Second, get focused.

With the stock market expected to reset its lows, unemployment headed past 10% and quarterly earnings results generally worsening, NYU professor Nouriel Roubini is among the economists who are warning companies to focus on adapting to changing business dynamics rather than obsessing over when The Great Recession hits bottom.

Jeff Immelt, Chairman and CEO of General Electric, owner of NBC Universal, said it best in a recent shareholders letter: Business will never revert to what it was and new opportunities will come from the global economy and capitalism being "reset" in important ways.

Media industry executives and analysts have begun wrestling with the dual notion of consumer and ad spending remaining tepid even in better times that will be defined by radically altered economic and business dynamics.

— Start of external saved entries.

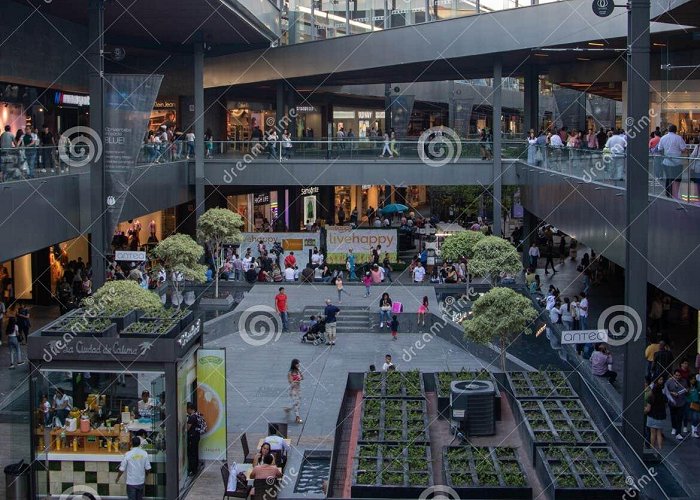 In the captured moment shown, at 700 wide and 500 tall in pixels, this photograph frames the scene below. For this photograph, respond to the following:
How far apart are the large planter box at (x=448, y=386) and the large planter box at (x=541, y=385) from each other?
32cm

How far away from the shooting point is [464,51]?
36.8 metres

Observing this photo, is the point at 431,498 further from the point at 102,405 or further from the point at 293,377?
the point at 293,377

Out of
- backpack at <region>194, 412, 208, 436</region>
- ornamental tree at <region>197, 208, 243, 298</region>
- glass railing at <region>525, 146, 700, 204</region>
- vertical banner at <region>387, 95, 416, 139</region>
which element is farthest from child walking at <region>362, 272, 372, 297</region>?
vertical banner at <region>387, 95, 416, 139</region>

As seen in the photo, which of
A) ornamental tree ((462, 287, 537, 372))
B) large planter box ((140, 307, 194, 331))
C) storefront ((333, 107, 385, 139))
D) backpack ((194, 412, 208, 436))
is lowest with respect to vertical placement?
backpack ((194, 412, 208, 436))

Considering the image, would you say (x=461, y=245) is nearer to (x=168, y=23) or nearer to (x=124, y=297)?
(x=168, y=23)

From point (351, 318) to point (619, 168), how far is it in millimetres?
10793

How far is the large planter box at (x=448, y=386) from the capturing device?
17.1 metres

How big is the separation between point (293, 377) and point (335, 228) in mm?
16666

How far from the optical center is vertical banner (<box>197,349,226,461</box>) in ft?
51.8

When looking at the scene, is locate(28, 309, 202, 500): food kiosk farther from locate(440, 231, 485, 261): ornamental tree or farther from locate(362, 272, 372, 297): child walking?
locate(440, 231, 485, 261): ornamental tree

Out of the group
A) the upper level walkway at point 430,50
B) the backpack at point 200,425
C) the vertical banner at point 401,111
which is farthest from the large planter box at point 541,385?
the vertical banner at point 401,111

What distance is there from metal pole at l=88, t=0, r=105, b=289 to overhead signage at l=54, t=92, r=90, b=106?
10731 mm

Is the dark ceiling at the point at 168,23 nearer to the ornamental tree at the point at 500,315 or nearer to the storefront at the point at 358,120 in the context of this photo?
the ornamental tree at the point at 500,315

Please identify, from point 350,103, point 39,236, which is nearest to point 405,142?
point 39,236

Citigroup analyst Jason Bazinet makes the point that without a return to the artificially inflated "wealth effect" that fueled discretionary spending for decades, industries such as entertainment may suffer some permanent retrenchment. A 7% decline in recreational spending this year would be akin to the 1938 lull also triggered by huge declines in personal consumption and household net worth (down $11.2 trillion in 2008 according to the Federal Reserve).

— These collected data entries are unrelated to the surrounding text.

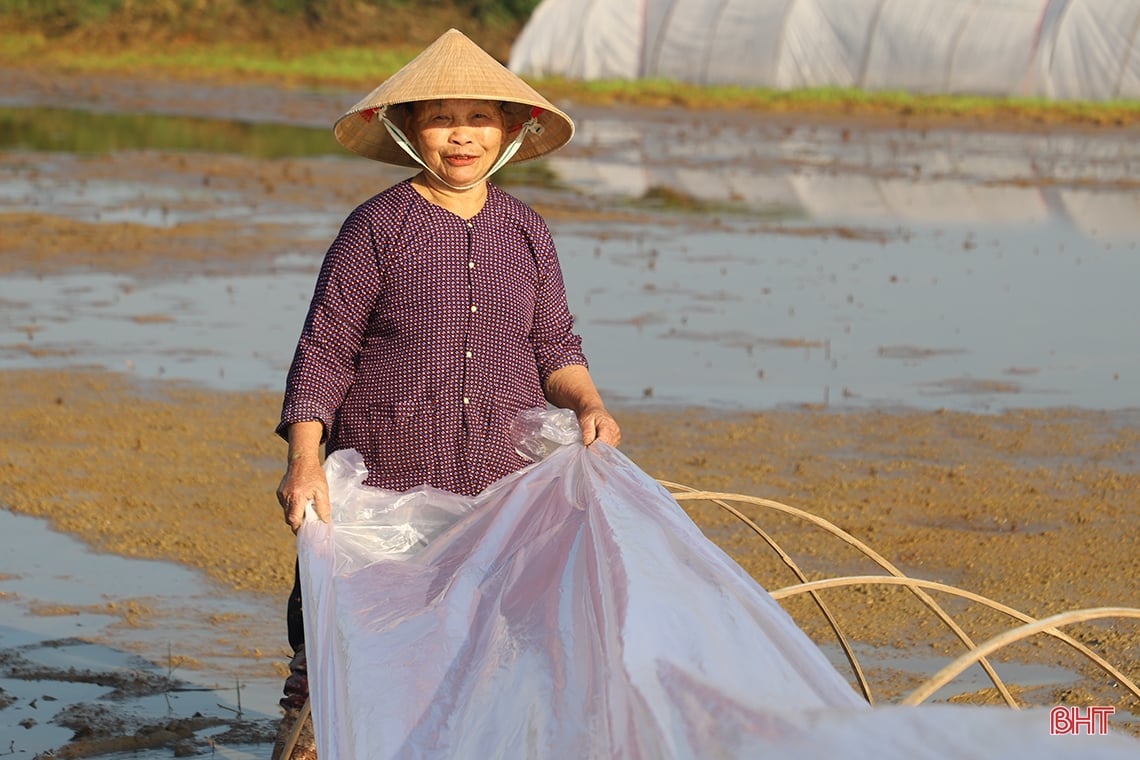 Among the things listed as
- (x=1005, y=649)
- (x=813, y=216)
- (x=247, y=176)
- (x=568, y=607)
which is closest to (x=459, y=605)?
(x=568, y=607)

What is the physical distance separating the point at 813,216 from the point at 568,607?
1354cm

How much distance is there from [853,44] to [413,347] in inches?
1028

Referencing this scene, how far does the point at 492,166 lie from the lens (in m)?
3.90

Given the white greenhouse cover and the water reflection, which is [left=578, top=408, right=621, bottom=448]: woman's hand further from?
the white greenhouse cover

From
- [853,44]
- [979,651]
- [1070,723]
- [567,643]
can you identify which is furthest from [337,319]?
[853,44]

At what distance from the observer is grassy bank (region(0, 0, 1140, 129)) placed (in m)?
29.7

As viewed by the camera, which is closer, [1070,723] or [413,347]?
[1070,723]

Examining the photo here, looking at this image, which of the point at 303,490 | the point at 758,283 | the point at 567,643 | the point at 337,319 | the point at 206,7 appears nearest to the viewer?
the point at 567,643

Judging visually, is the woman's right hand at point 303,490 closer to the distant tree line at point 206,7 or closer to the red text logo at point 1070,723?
the red text logo at point 1070,723

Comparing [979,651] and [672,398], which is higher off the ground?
[979,651]

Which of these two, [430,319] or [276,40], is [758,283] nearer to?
[430,319]

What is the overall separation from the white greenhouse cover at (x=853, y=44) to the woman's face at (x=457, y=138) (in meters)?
24.9

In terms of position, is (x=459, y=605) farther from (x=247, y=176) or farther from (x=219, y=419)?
(x=247, y=176)

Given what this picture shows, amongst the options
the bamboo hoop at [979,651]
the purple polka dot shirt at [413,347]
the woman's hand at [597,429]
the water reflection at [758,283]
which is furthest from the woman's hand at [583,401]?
the water reflection at [758,283] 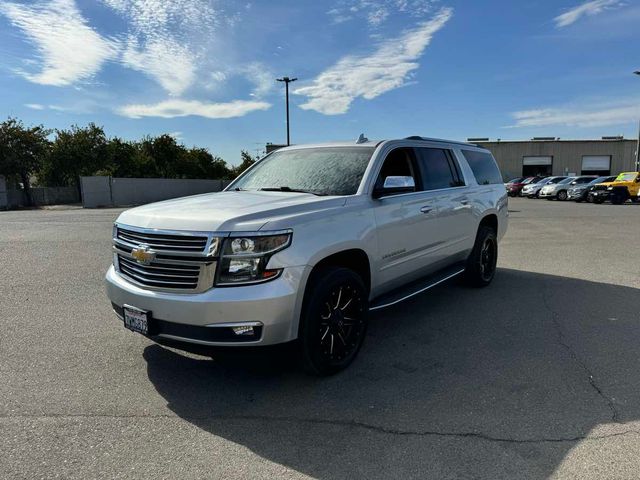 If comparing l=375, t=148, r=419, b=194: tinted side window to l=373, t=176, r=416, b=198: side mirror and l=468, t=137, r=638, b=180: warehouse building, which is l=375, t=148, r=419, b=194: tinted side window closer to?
l=373, t=176, r=416, b=198: side mirror

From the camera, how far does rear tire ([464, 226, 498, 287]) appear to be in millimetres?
6711

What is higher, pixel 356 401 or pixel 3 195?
pixel 3 195

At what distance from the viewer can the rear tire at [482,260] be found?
6.71 meters

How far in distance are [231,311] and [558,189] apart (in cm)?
3549

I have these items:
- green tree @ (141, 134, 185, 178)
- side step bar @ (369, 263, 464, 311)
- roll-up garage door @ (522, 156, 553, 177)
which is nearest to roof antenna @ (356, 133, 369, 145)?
side step bar @ (369, 263, 464, 311)

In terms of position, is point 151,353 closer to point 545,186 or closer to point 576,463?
point 576,463

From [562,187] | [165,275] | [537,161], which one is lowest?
[562,187]

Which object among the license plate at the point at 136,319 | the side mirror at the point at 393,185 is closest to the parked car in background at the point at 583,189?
the side mirror at the point at 393,185

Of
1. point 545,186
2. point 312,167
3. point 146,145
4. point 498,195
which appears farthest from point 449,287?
point 146,145

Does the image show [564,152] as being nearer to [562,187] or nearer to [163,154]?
[562,187]

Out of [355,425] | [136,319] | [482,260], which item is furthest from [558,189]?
[136,319]

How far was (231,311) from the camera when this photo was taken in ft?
10.8

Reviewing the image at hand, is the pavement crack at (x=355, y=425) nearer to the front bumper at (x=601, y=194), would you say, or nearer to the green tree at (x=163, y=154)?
the front bumper at (x=601, y=194)

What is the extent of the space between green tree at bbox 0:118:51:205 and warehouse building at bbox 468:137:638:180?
4574 centimetres
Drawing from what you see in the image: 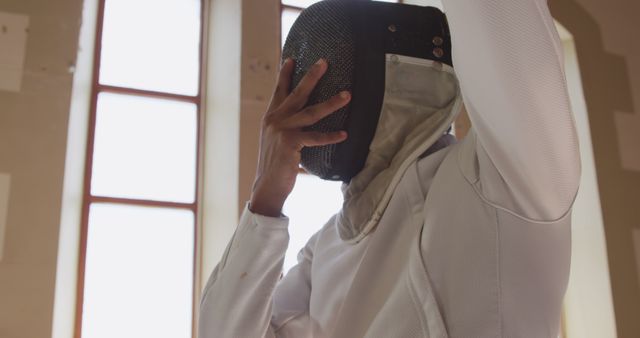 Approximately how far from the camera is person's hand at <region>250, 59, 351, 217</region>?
1027 mm

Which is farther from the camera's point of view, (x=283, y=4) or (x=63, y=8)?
(x=283, y=4)

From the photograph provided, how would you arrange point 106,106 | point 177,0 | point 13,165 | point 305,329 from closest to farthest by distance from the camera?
1. point 305,329
2. point 13,165
3. point 106,106
4. point 177,0

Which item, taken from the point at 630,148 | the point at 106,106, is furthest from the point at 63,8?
the point at 630,148

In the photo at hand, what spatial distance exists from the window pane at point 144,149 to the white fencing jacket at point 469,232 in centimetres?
233

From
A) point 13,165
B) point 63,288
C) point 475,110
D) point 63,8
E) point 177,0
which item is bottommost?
point 63,288

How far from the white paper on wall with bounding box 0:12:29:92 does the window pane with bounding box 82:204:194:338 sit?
0.69 meters

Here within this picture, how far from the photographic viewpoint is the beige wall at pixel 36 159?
2.68 m

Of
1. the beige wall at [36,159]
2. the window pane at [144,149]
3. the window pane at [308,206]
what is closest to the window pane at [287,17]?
the window pane at [144,149]

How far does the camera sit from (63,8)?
10.2 feet

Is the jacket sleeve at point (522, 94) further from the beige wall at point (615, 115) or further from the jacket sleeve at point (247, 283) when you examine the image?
the beige wall at point (615, 115)

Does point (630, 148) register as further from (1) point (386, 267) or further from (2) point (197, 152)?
(1) point (386, 267)

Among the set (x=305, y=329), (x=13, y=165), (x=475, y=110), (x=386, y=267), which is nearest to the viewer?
(x=475, y=110)

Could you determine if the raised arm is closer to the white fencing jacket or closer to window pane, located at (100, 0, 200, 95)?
the white fencing jacket

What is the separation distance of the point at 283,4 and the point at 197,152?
1.08 metres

Personal consumption could decline another $150 billion in 2009. This new "poverty effect" could play havoc with already weak DVD sales and other forms of home entertainment, television advertising, theatergoing and theme park attendance. In the year it will take consumers to adjust their spending levels to changes in their net worth, some business segments could become seriously anemic or implode.

Bernstein Research analyst Michael Nathanson slashed his 2009 and 2010 estimates by 2% to 24% for every media conglomerate he covers -- except for newly streamlined Time Warner. It isn't just that recent downward trends will continue, but that many fundamentals will no longer be dependable variables. Forget what you think you know about scatter market strength, upfront ad sales, film studio earnings (diluted by half from weakness in international markets), the state of in-home entertainment and DVD sales (down another 12% in the first quarter), the collapse of newspaper publishing and the "continued carnage" in local and national broadcasting (even the network-owned station groups will see revenues decline nearly 30% this year). With the growing realization that deteriorating trends will not reverse soon, companies all of all sizes must become architects and masters of their own future.

Third, get smart.

With fewer hard-and-fast rules about business, it is a good time to design a new MO. Figure out how to best leverage existing assets and strengths in a marketplace shaped by digital interactivity, cost efficiency and immediate connections to consumers and quantifiable value.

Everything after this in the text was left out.